What is causing the high price of fuel?
The oil price bubble is unfairly restricting our nation’s economic potential through higher gasoline and heating oil prices. In recent months, the price of a barrel of crude oil increased from $57 in March of 2008 to more than $147 in July 2008. Last December, prices dropped to $32 and then returned to more than $80 in October. This volatility presents mounting evidence that the run-up in oil and gas prices was not as a result of the fundamental concept of supply and demand, but was largely driven by excessive speculation.
According to data from the Energy Information Administration, demand for petroleum products in the United States is lower today than it was 10 years ago, and supply is higher today than it was in 1982. In addition, the International Energy Agency recently predicted that global demand for oil will drop by about 2.5 million barrels a day this year compared to last year, including a drop of one million barrels a day in the United States alone.
Yet, despite an adequate supply of oil and decreasing demand, prices are going up, not down. This could not come at a worse time, as Americans are suffering through the worst economic crisis since the Great Depression. Every time you buy products such as food or gas, you are impacted by unregulated, dark and often foreign commodities futures markets. Speculators in these markets are increasingly buying and selling commodities such as oil to sell again, rather than to use. As largely unregulated speculators pocket billions of dollars at your expense, the price of commodities has increased out of proportion to marketplace demands.
Clearly, we have a responsibility to do everything possible to achieve a balanced energy policy, including ensuring adequate supply, increasing conservation, investing in alternative fuels, as well as ensuring that unregulated markets are monitored to ensure that we stop excessive speculation now.
As speculators continue to dominate the market, the volume of oil traded “on paper” has been as high as 22 times greater than the volume of oil consumed. As prices rise, institutional investors have become active traders, turning commodities into just another asset class. This has caused severe market imbalance and upset the natural relationship between supply and demand. As a result, legitimate customers such as trucking companies, airlines, and consumers have been forced to purchase oil at unnecessarily higher prices. This has dramatically raised costs, resulting in needlessly high prices for American consumers and businesses.
How do they get away with that?
Over the last 20 years, commodities markets have become increasingly less regulated. Today, as many as 90 percent of all commodities trades occur outside of the traditional marketplace exchanges. In these so-called “Swaps trades,” parties secretly buy and sell commodities with absolutely no one watching. This means speculators can manipulate oil prices and corner the market without anyone knowing.
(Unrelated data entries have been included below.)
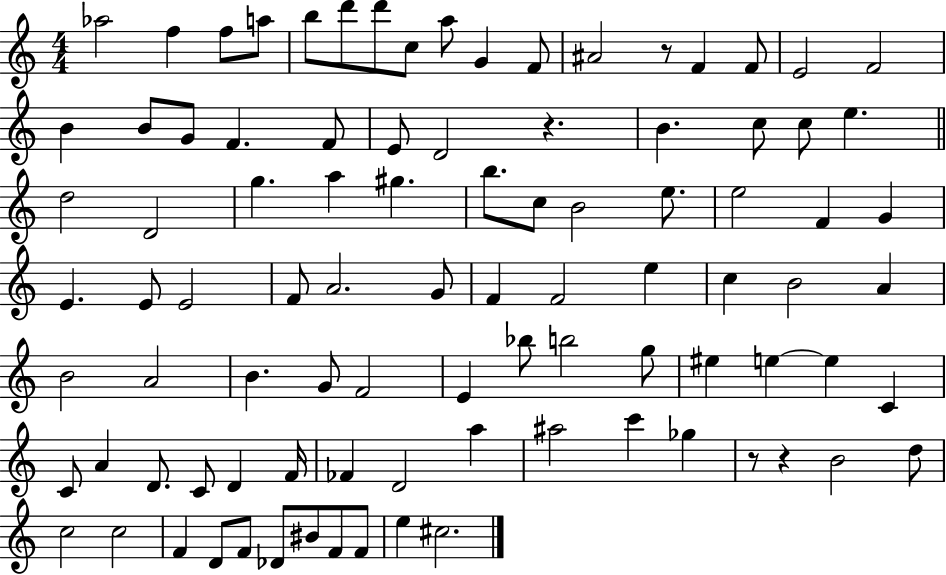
{
  \clef treble
  \numericTimeSignature
  \time 4/4
  \key c \major
  \repeat volta 2 { aes''2 f''4 f''8 a''8 | b''8 d'''8 d'''8 c''8 a''8 g'4 f'8 | ais'2 r8 f'4 f'8 | e'2 f'2 | \break b'4 b'8 g'8 f'4. f'8 | e'8 d'2 r4. | b'4. c''8 c''8 e''4. | \bar "||" \break \key c \major d''2 d'2 | g''4. a''4 gis''4. | b''8. c''8 b'2 e''8. | e''2 f'4 g'4 | \break e'4. e'8 e'2 | f'8 a'2. g'8 | f'4 f'2 e''4 | c''4 b'2 a'4 | \break b'2 a'2 | b'4. g'8 f'2 | e'4 bes''8 b''2 g''8 | eis''4 e''4~~ e''4 c'4 | \break c'8 a'4 d'8. c'8 d'4 f'16 | fes'4 d'2 a''4 | ais''2 c'''4 ges''4 | r8 r4 b'2 d''8 | \break c''2 c''2 | f'4 d'8 f'8 des'8 bis'8 f'8 f'8 | e''4 cis''2. | } \bar "|."
}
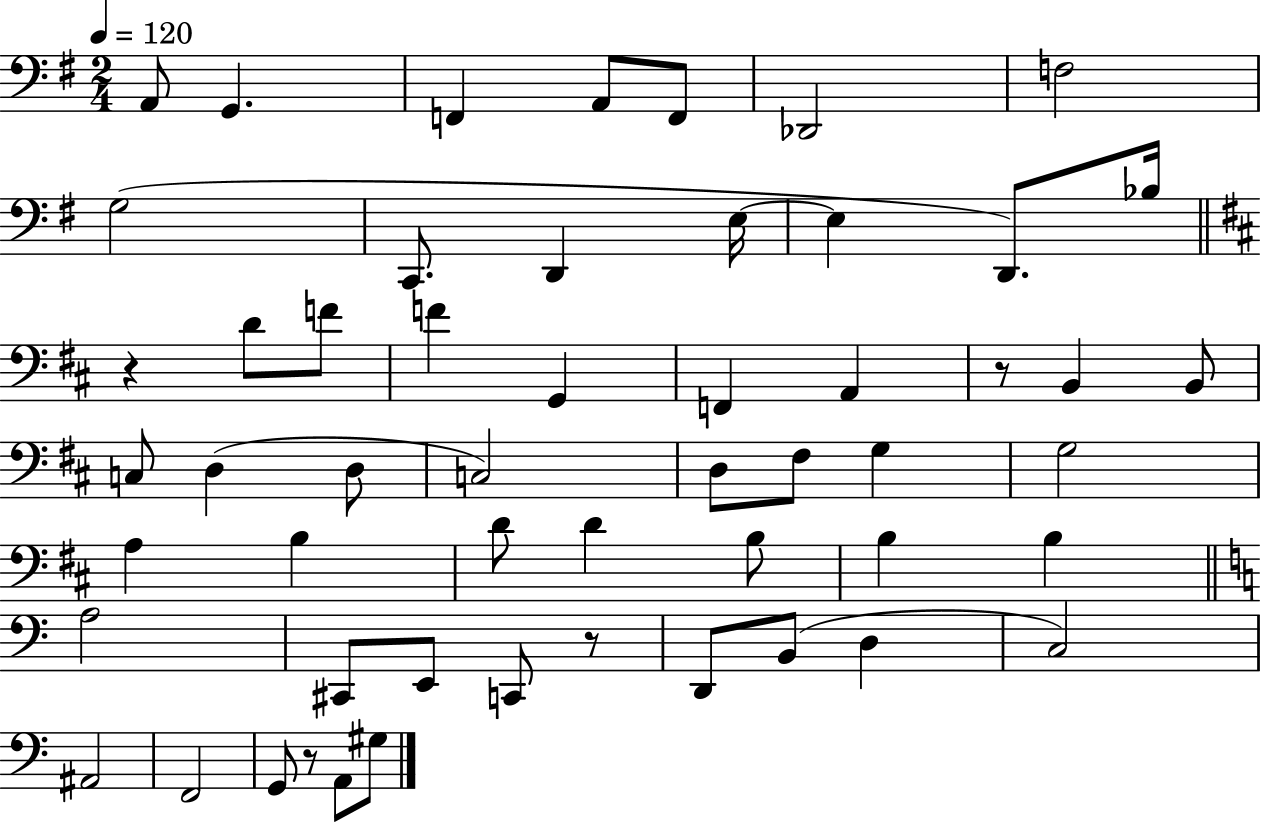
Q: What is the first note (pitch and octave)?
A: A2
In addition, other loopholes exist allowing increasingly sophisticated speculators to take advantage of consumers. For example, in 2000, Enron lobbied policy makers to permit some U.S. commodities exchanges to operate without normal oversight. This has allowed some speculators to dodge public disclosure rules that would normally limit the number of trades an investor can make.
What is the solution?
To lower oil prices for all Americans, we need to increase domestic supply, exploration, alternative energy sources and conservation. We also must protect bona fide speculation and hedging. To address excessive speculation, Congress should promptly:
- Reestablish strict position limits on energy commodities – Position limits have existed since 1936 and work well at curtailing excessive speculation. Any trader not hedging with the intention of taking physical delivery of a related commodity must be subject to strict position limits.
- Close the London Loophole – Foreign Boards of Trade with U.S. terminals trading futures contracts that cash-settle against U.S. contracts should face the same regulations as U.S. exchanges. It is not fair for U.S. futures exchanges to face more regulation than their foreign counterparts trading in U.S. commodities.
- Regulate “swaps trades” – All trades in the over-the-counter (OTC) swaps market must be subject to strict position limits. It is unfair to exempt swaps dealers from the same regulations that other market participants face. Experts have estimated the size of the OTC markets to be nine or 10 times larger than the futures markets.
- Fully close the “Enron loophole” – Current law allows certain commodity markets to operate with almost no government oversight even though they trade contracts that are essentially identical to those traded on fully regulated exchanges like the New York Mercantile Exchange. These “look-alike” contracts significantly impact the value of a commodity like oil, and Congress needs to mandate that they all be traded on a transparent, regulated exchange.